> Exercise details: Find the line below with "Kia Rio IV Рестайлинг" and the line with "Namêche. Pont provisoire sur la Meuse.". Output them and the lines between, exactly, but not the pictures.

> Data for review:
--- START ---
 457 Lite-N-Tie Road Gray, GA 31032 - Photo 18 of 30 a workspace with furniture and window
--- END ---
--- START ---
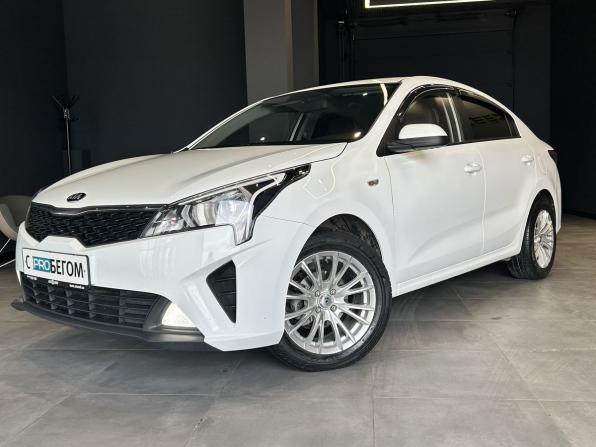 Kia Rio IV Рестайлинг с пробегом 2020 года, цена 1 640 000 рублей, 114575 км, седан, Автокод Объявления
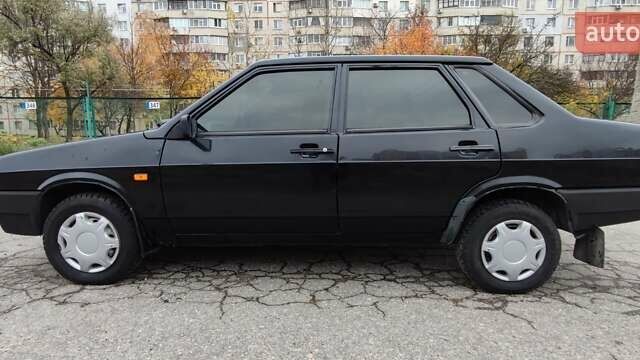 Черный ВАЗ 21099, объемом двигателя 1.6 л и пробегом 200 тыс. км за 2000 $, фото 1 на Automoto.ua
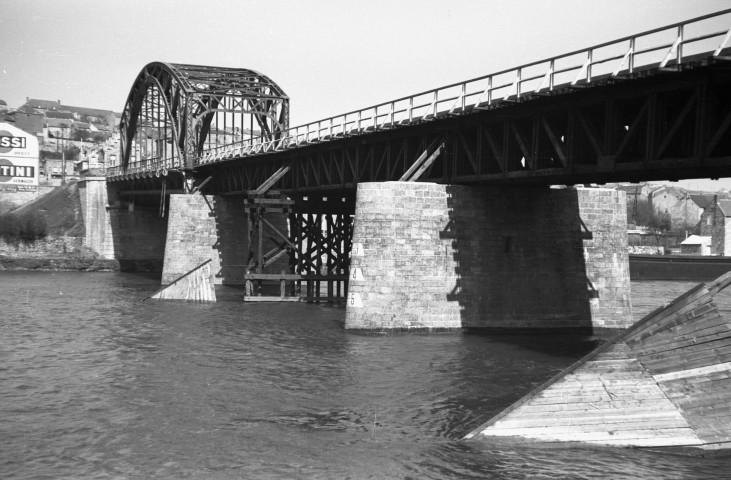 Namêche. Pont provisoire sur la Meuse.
--- END ---
--- START ---
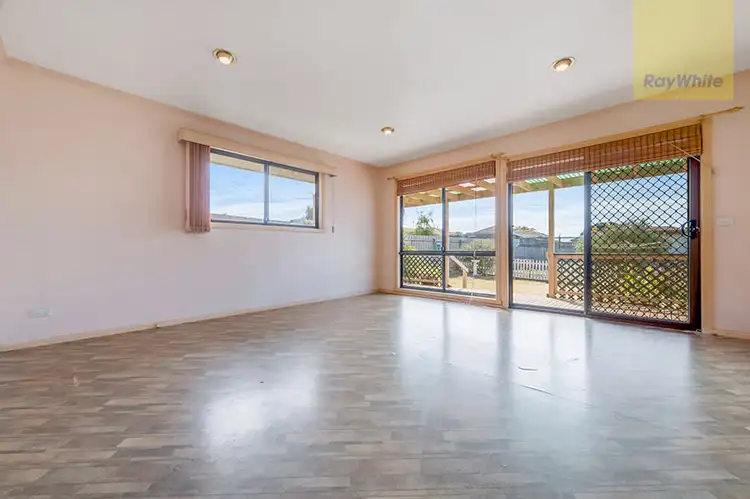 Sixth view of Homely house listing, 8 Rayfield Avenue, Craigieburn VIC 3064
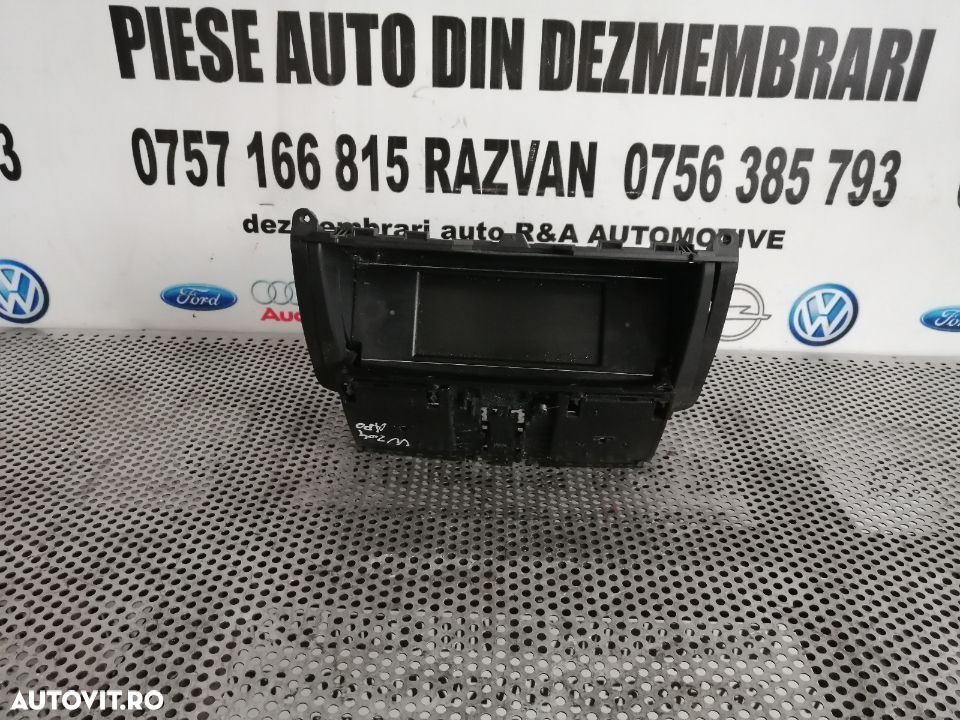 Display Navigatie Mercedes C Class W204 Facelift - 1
--- END ---
> Reply:
 Kia Rio IV Рестайлинг с пробегом 2020 года, цена 1 640 000 рублей, 114575 км, седан, Автокод Объявления
 Черный ВАЗ 21099, объемом двигателя 1.6 л и пробегом 200 тыс. км за 2000 $, фото 1 на Automoto.ua
 Namêche. Pont provisoire sur la Meuse.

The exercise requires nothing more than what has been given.